CVE-2025-48757 - Lovable
303 insecure Supabase endpoints across 170 sites. No row-level security. Emails, payment info, API keys, password reset tokens sitting in the open. CVSS 8.26. And this wasn't one careless developer - it was the platform's default output. Every app it generated came out this way.
EnrichLead
The founder bragged publicly that he'd built it with "Cursor AI, zero hand-written code." Then researchers found hardcoded API keys on the client side, no auth on endpoints, no rate limiting. Someone ran up $14,000 on his OpenAI keys. He shut the whole thing down.
Tea dating app
A women-only platform where safety was the whole point. 72,000 photos including 13,000 government IDs. Over a million private messages. GPS data. 59.3 GB from an unsecured Firebase database. Went to 4chan. Ten lawsuits.
In every one of these cases, you could have had a SAST tool running. It would have generated alerts. The audit trail would have looked compliant. And the actual vulnerabilities would have shipped anyway, because the tool was looking for the wrong things.
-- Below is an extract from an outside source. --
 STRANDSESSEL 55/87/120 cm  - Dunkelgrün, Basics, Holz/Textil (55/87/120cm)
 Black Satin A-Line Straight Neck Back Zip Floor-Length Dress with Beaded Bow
What actual evidence looks like
This is where our 90.24% acceptance rate starts to matter for reasons beyond bragging rights.
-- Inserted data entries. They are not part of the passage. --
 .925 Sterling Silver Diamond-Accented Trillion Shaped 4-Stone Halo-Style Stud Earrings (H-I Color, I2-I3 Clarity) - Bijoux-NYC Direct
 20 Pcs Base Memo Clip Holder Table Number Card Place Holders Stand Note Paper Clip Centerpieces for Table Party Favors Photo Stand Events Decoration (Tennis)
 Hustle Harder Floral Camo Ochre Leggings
When we submit a fix, it comes with a root cause analysis, a remediation that respects the project's architecture, tests that prove the fix works, and documentation an auditor could actually follow. That's why maintainers merge them.
And that's what creates a compliance record that actually means something. Not "tool ran, tickets closed" - but a clear chain showing what the vulnerability was, why it mattered, how it was fixed, and proof the fix works. With a qualified reviewer (the maintainer) signing off.
The projects:
Weaviate - AWS credential injection, GitHub issue #10146, confirmed in 24 hours
vLLM - Remote code execution via unsafe deserialization, PR #32045, merged in 3 days
Qdrant - Memory access without bounds validation, PR #7884, merged same day
Phase - 9 authorization bypasses, PRs #722-731, all fixed within a week
Langfuse - SSRF + unencrypted secrets, PRs #11311 and #11395, both deployed
Cloudreve - 5 vulnerabilities including timing attacks, release 4.11.0
Agenta - 8 vulnerabilities including sandbox escape, release v0.77.1
NocoDB - 5 vulnerabilities including critical SQL injection, PRs #12748-12752
Every one of those is verifiable at kolega.dev/security-wins. Real GitHub PRs with real maintainer responses.
Compare that to "Semgrep ran on Tuesday, 1,183 tickets created, 1,030 marked false positive by a junior engineer who was trying to clear the backlog before standup."
One of those is evidence of security. The other is evidence of activity.
Where this goes
Compliance actually requires four things: evidence of what vulnerabilities exist, evidence of how they were fixed, evidence the fixes work, and approval from someone qualified.
Traditional SAST gives you the first one - badly, buried in 87% noise. It doesn't give you the other three.
Semantic analysis with automated remediation gives you all four. Real detection, real fixes, test verification, maintainer approval.
90.24% acceptance rate across 45 projects. That's not a benchmark - it's proof.
At AI code scale, running a scanner and closing tickets isn't compliance. It's theatre.
The full results are public: kolega.dev/security-wins. Technical details, root cause analysis, fix implementations, PR numbers, maintainer responses. Everything an auditor would actually want to see.
Because compliance should require proof, not just process.